The same went for Fact 3 (discrimination), Fact 4 (racism), and Fact 5 (racism against a group). Each time the Amsterdam Court was butchered. The reasoning on ‘discrimination’ caused the greatest stir. Wilders is a politician and some provocation is part of his profession. According to the prosecutors, Wilders’ proposal to ban the Koran is “discriminatory but belongs to a vehement political debate in the Netherlands and Europe. What’s more, according to experts on Islam, Wilders’ reasoning on the Koran is sound.» Moreover, his comments on “Moroccan youngsters” are not racist, because Moroccans are not a race.
The Dutch-Moroccan Mohammed Rabbae, one of the complainants and spokesman for two Moroccan pressure groups, felt defeated: “The Public Prosecutors coined us an outlaws – everything may be said, as long as it’s linked to Islam.”
To the press who had been waiting for hours in the lobby of the Amsterdam Court, Geert Wilders was jubilant: “I’m very happy that the OM has concluded again that I have not committed any crime.
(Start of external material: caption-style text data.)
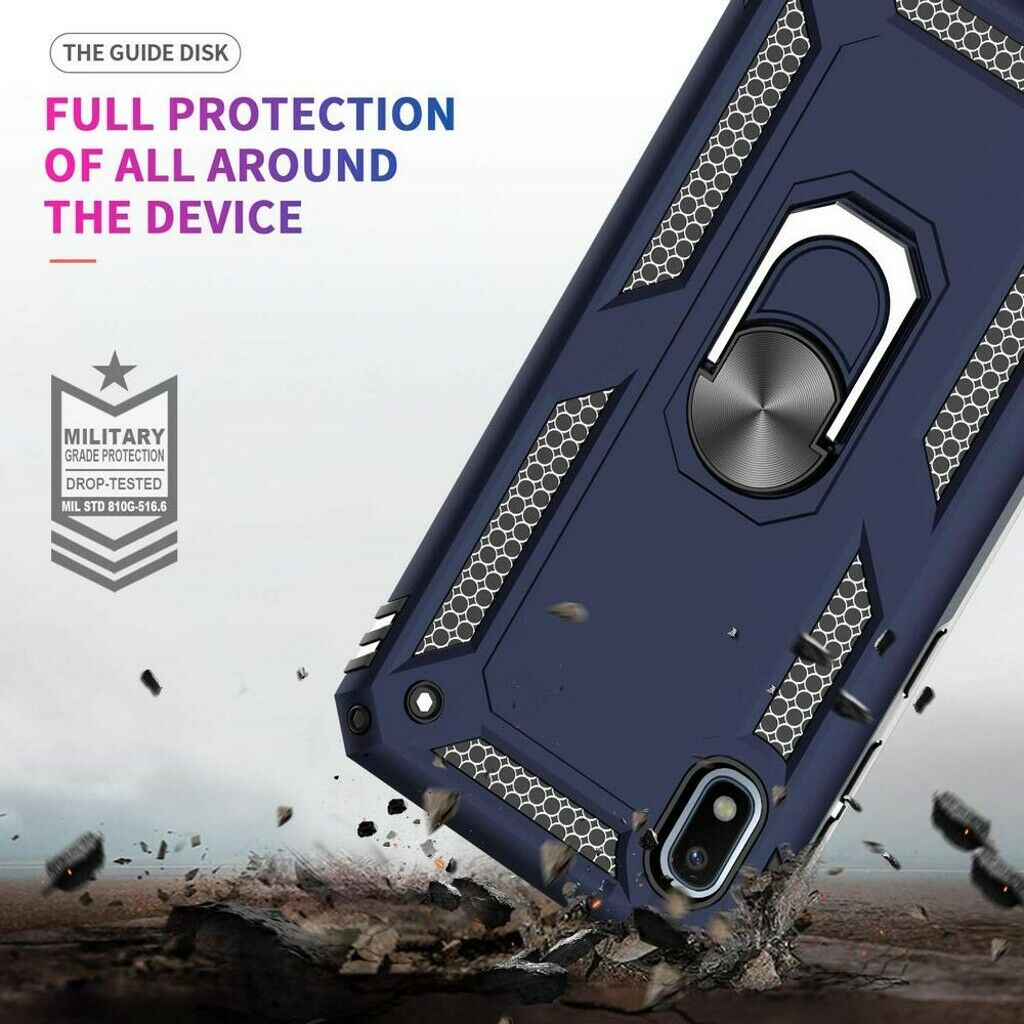 Hybrid Dual Layer Armor Protective Cover For Samsung Galaxy - carolay.co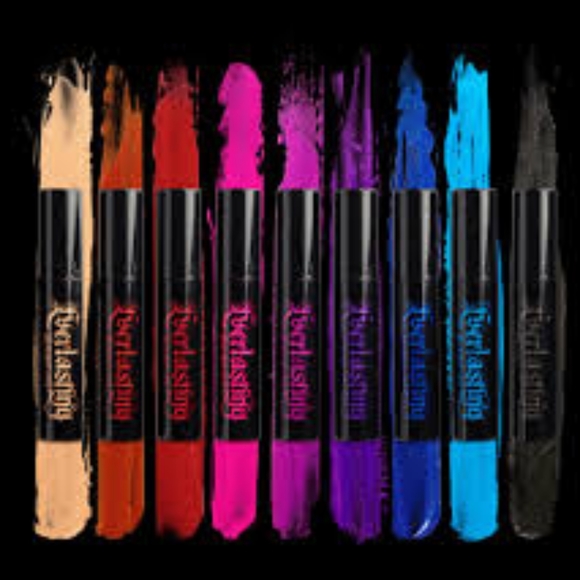 🆕 Gold Skool 10th Year Anniversary 💛 Everlasting Glimmer Veil Liquid Lipstick - Picture 8 of 8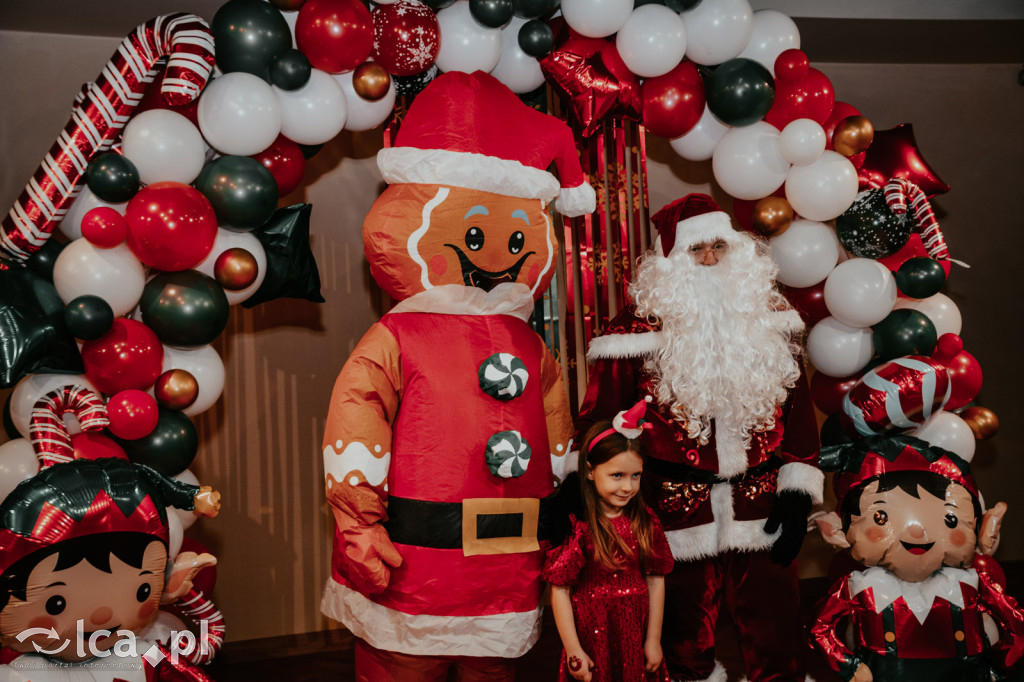 Mikołajki w Centrum Witelona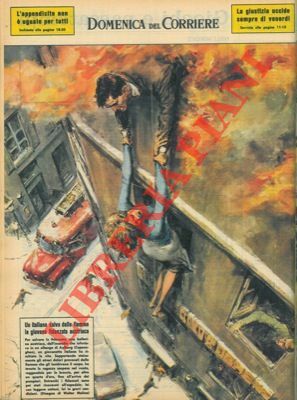 Giovane italiano rischia la vita per salvare dalle fiamme la …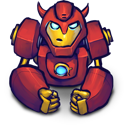 bumble, starks icon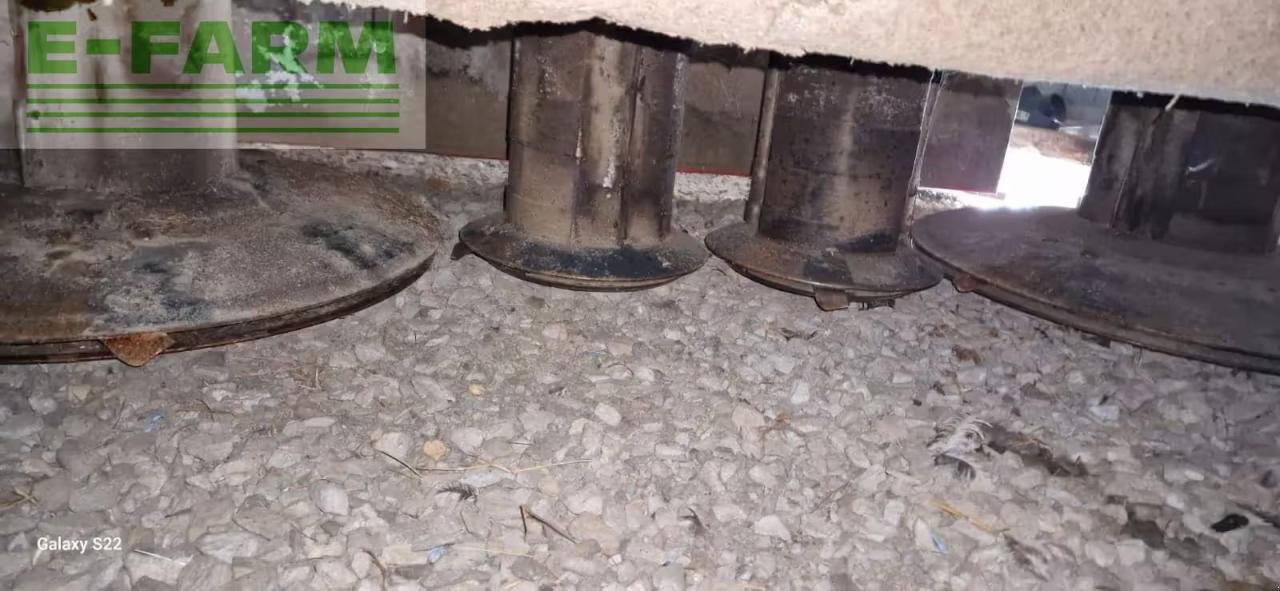 Mähwerk del tipo Kuhn Kuhn PZ 270, Gebrauchtmaschine en Hamburg (Imagen 4)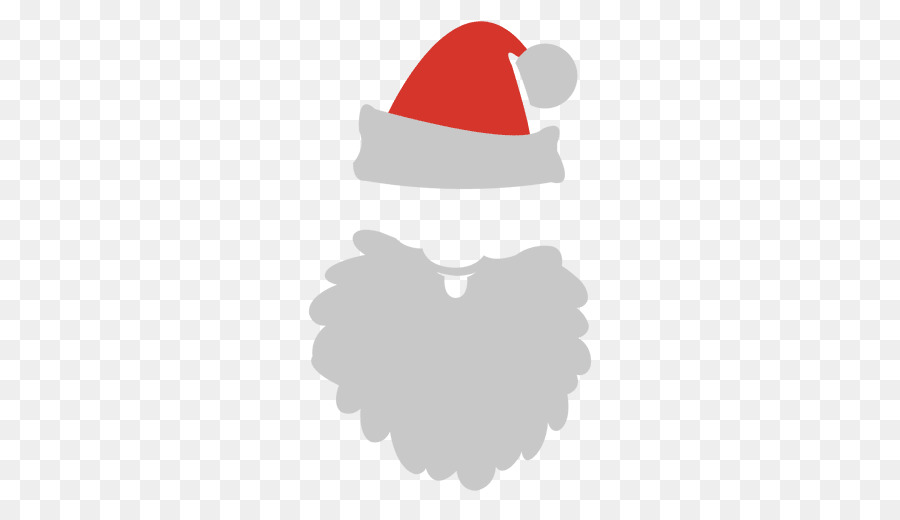 Beard Santa Claus Clip art - Santa png download - 512*512 - Free Transparent Beard png Download.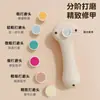 Nuevo Molinillo Eléctrico de Uñas para Mascotas Transfronterizo, Cortauñas Humano, Lima Eléctrica de Pulido, Recortador de Uñas con Carga Móvil
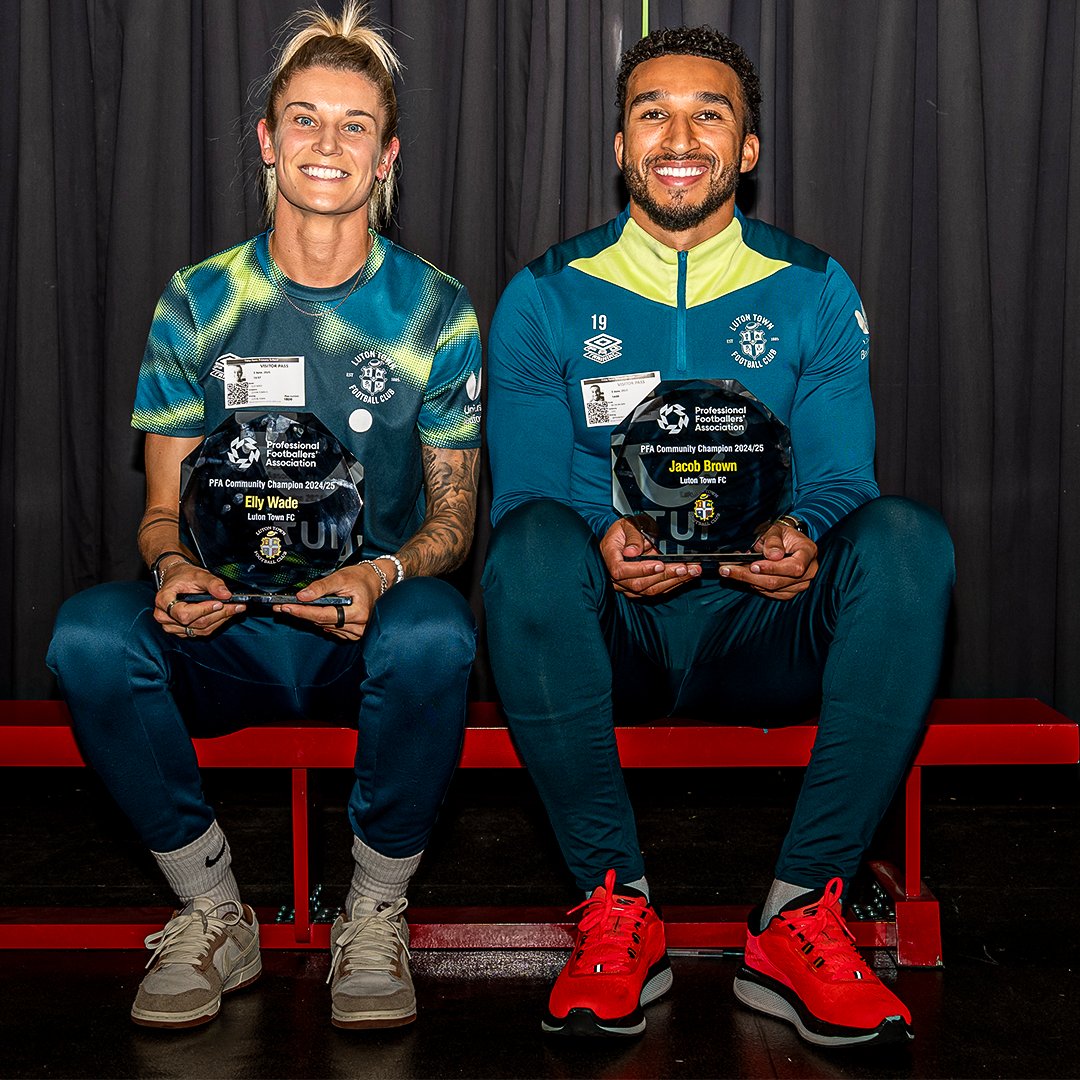 Introducing our two PFA Community Champions! 😊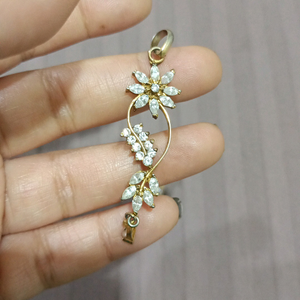 pendant earrings set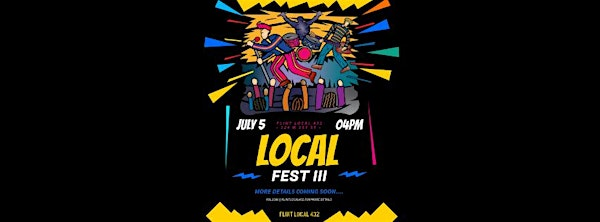 Flint Local III | Flint Local 432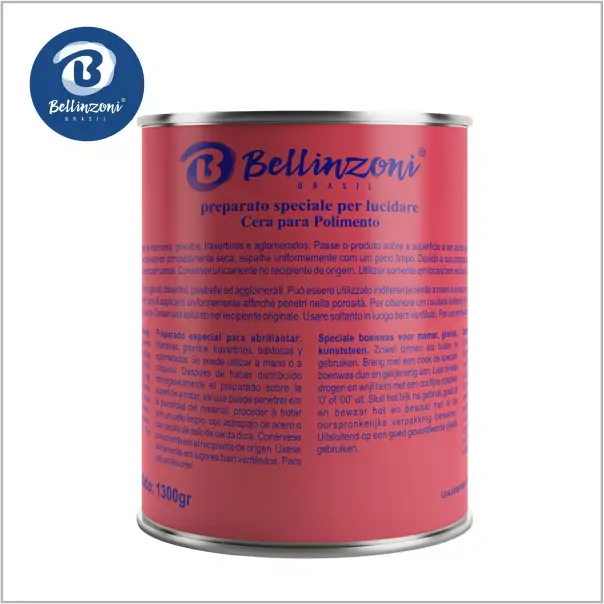 Pasta para Polimento 1300KG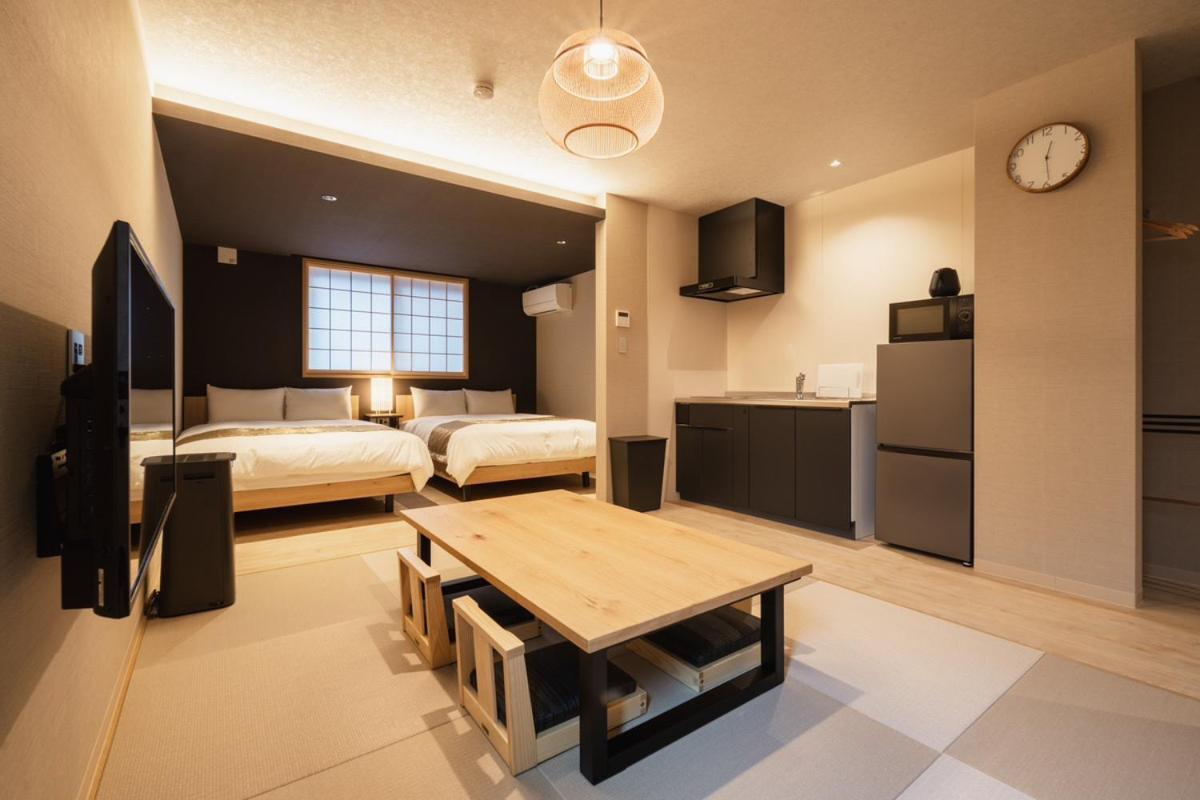Beppu -Nagomi- Aparthotel Exterior photo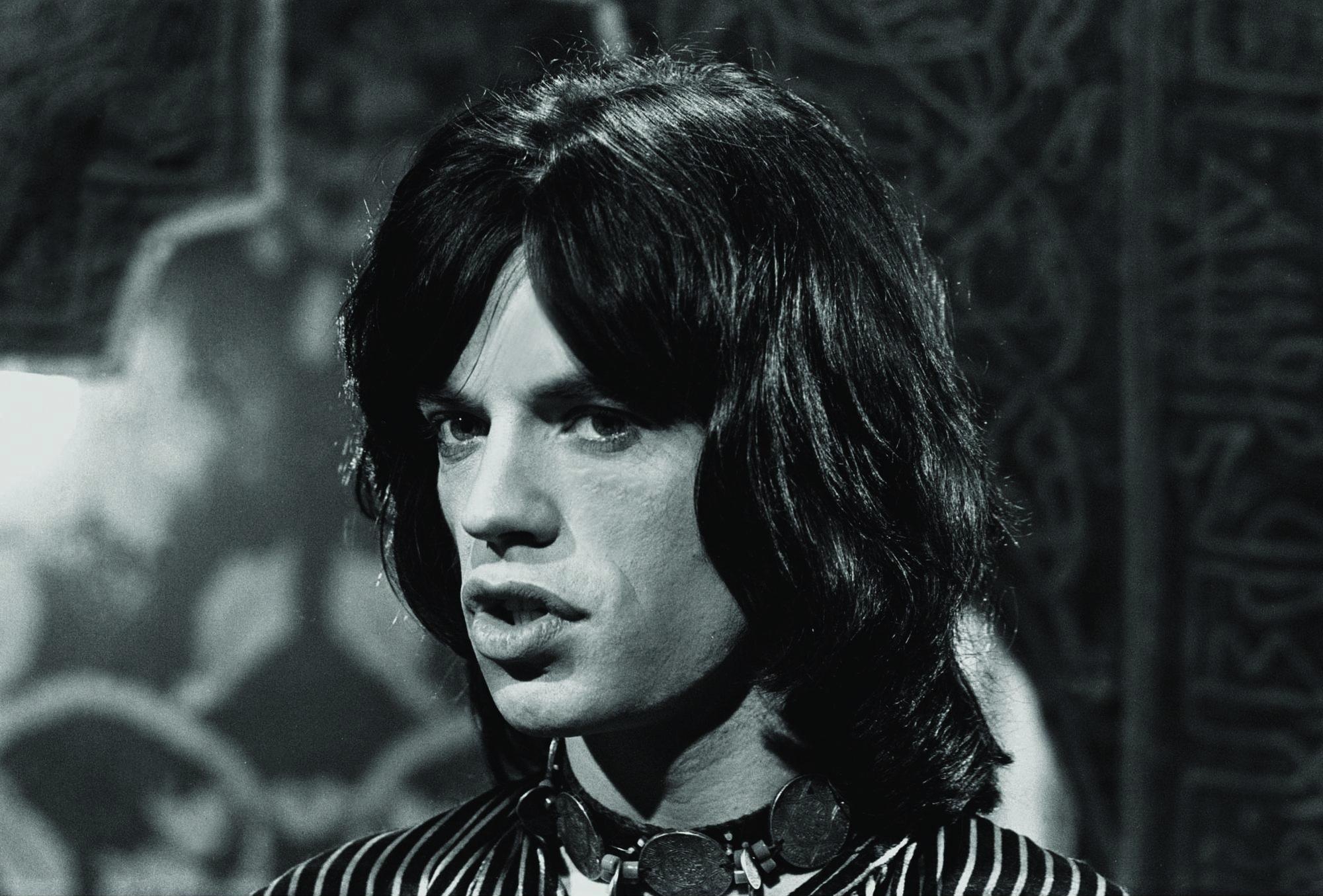 Detail Mick Jagger Wallpaper Nomer 4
The only thing I do and which I will continue to do, is to tell the truth.”
Not over
Bram Moszkowicz, however, called for caution: “It’s not over yet. The complainants still have to present their case and the Court is entitled to draw its own conclusions – they’ don’t have to go along with the OM.”
Wilders and Moszkowicz have put their finger where it hurts. It is now clear for all to see that the Dutch legal system is not to be trusted. The Wilders case is openly political. Equally clear is the fact that truth no longer counts.
On the 5th of November Geert Wilders most probably will leave the courtroom as a free man, not guilty, escorted by his bodyguards to protect him against the Islamization he then rightfully can criticize. Moszkowicz will have won another legal battle and the OM will be proud for standing tall. But this process will linger until “what is the truth?” is not only the vital question in the New Testament but in Dutch society again as well.